Pedio ha negato qualsiasi timore nel condurre un’indagine sui nomi altisonanti citati da Amara: «Erano dichiarazioni delicate in cui si faceva riferimento a più di cento persone delle più alte cariche dello Stato, civili e militari. Non ho una storia di timore nell'affrontare le indagini, quello che più mi preoccupava era che si trattava di dichiarazioni un po' vaghe e quindi di capire se avessero contenuti per procedere alle iscrizioni. La natura delle dichiarazioni induceva a una prudenza tecnica».

A parlare in aula anche Alessandro Pepe, ex coordinatore del gruppo A& I, che di fatto ha ricostruito il clima di tensione tra Davigo e Ardita fino ad ipotizzare che Davigo fosse a conoscenza di informazioni sul suo conto prima dell’aprile 2020. Informazioni che poi fu Davigo a far circolare, invitando diversi consiglieri a prendere le distanze dal magistrato per la sua presunta appartenenza - poi smentita e facilmente smentibile - alla loggia. «Nell'estate 2020 incontrai Piercamillo Davigo e mi disse, nel cortile del Consiglio, “stai lontano da Sebastiano Ardita, c'è una brutta indagine su di lui” - ha raccontato Pepe -. Non mi disse altro, se non che c'era un'indagine fatta da una procura del Nord e mi disse, con termini amicali, quasi paternalistici: non lo frequentare, non ti fidare». Un invito che però non ha mai raccolto: «L'ho continuato a frequentare, non ci ho mai creduto, erano accuse troppo forti», ha sottolineato Pepe, al quale Ardita, dopo le prime notizie sugli organi di stampa, ha confessato di sentirsi «fatto fuori», subendo «un grande contraccolpo psicologico».
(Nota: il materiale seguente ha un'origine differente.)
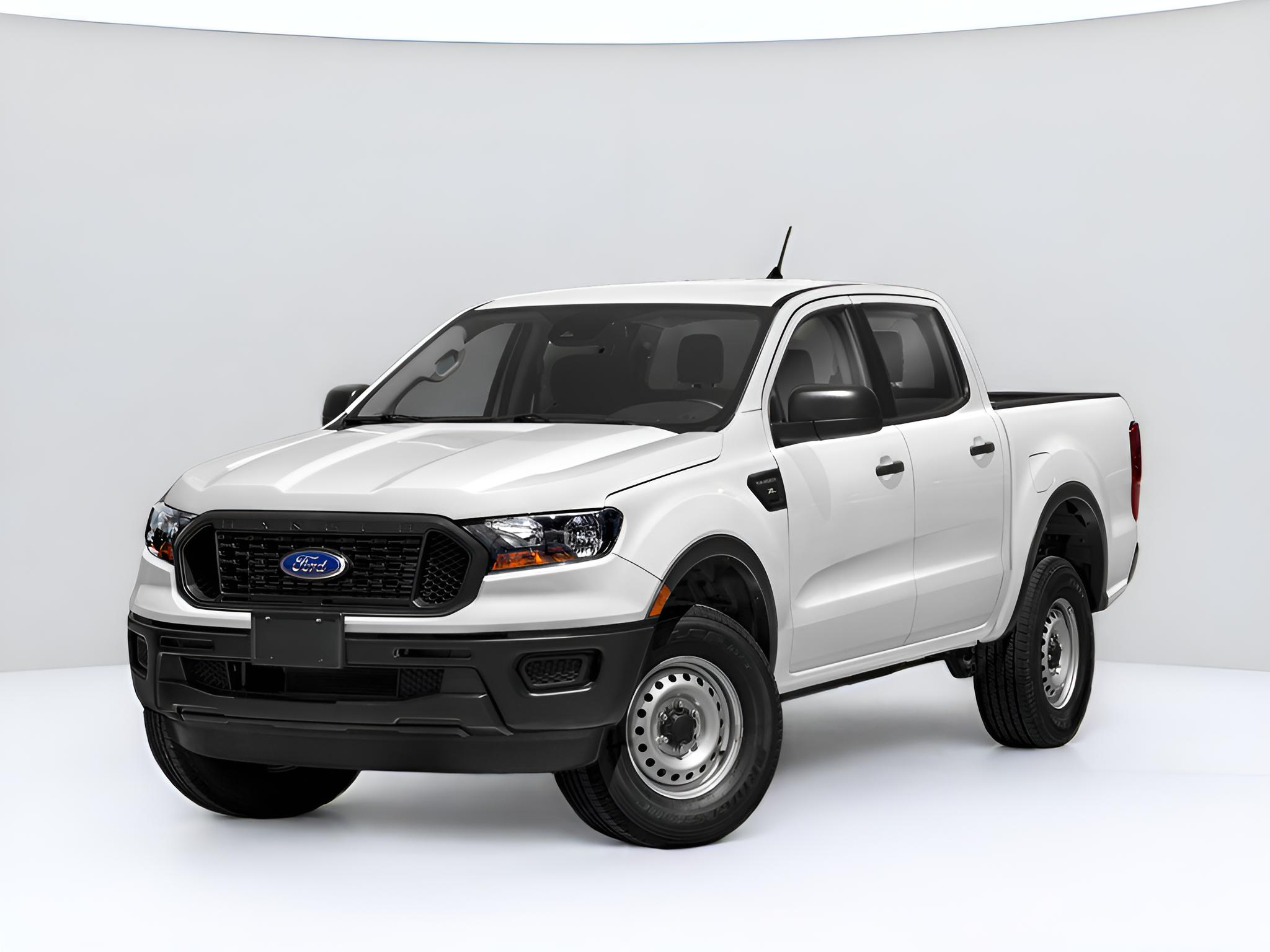 2020 Ford Ranger XL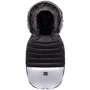 Зимний конверт Bair Polar premium черный - серебро кожа (623441): Производитель Bair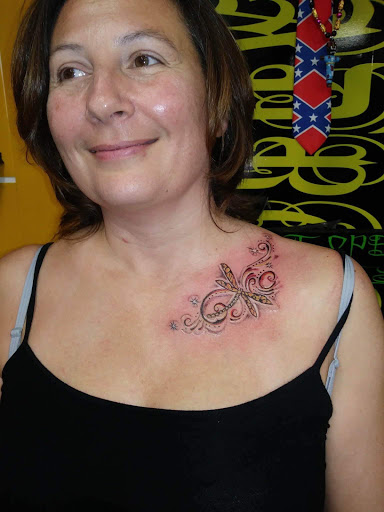 Tattoo Shop «231 Tattoos & Piercing Panama City Florida», reviews and photos, 2411 US-231, Panama City, FL 32405, USA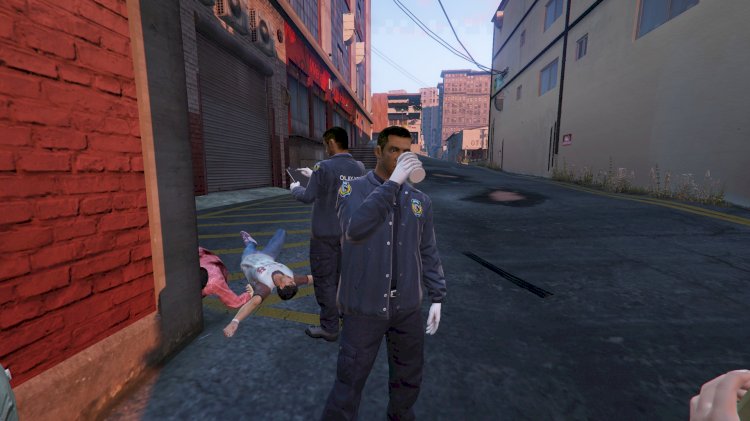 Turkish Coroner [REPLACE]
Pepe ha poi ricostruito un episodio più volte evocato in aula, ovvero l’incontro del febbraio 2020, quando il gruppo di A& I discusse della nomina del procuratore di Roma, dopo gli scandali del Palamaragate. Quando Ardita entrò nella stanza, ha raccontato Pepe, «Davigo con un'interlocuzione abbastanza violenta disse “cosa pensi di fare?' sul voto del procuratore di Roma e Ardita rispose “penso che voterò Creazzo”». Una risposta che provocò una dura reazione: «“Se tu non voti Prestipino sei fuori dal gruppo”, disse Davigo. Si creò un momento di tensione - ha aggiunto -, noi tutti restammo raggelati, Ardita lo ricordo sempre più vicino alla porta. “Hai qualcosa da nascondere, qualcosa che ci devi dire? Ne parleremo tu e io dopo”, disse Davigo in modo aggressivo, urlando». A quel punto Ardita andò via e Davigo «disse che qualunque voto non a favore di Prestipino era un modo per stare con quelli dell'hotel Champagne». Un’affermazione di fatto errata, dal momento che Creazzo, stando alle frasi registrate dal trojan all’Hotel Champagne, era tra i candidati penalizzati dagli accordi correntizi. «Mi sono doluto di non aver reagito a questa aggressione verbale - ha concluso Pepe -. Col senno di poi ho pensato che Davigo sapesse già qualcosa».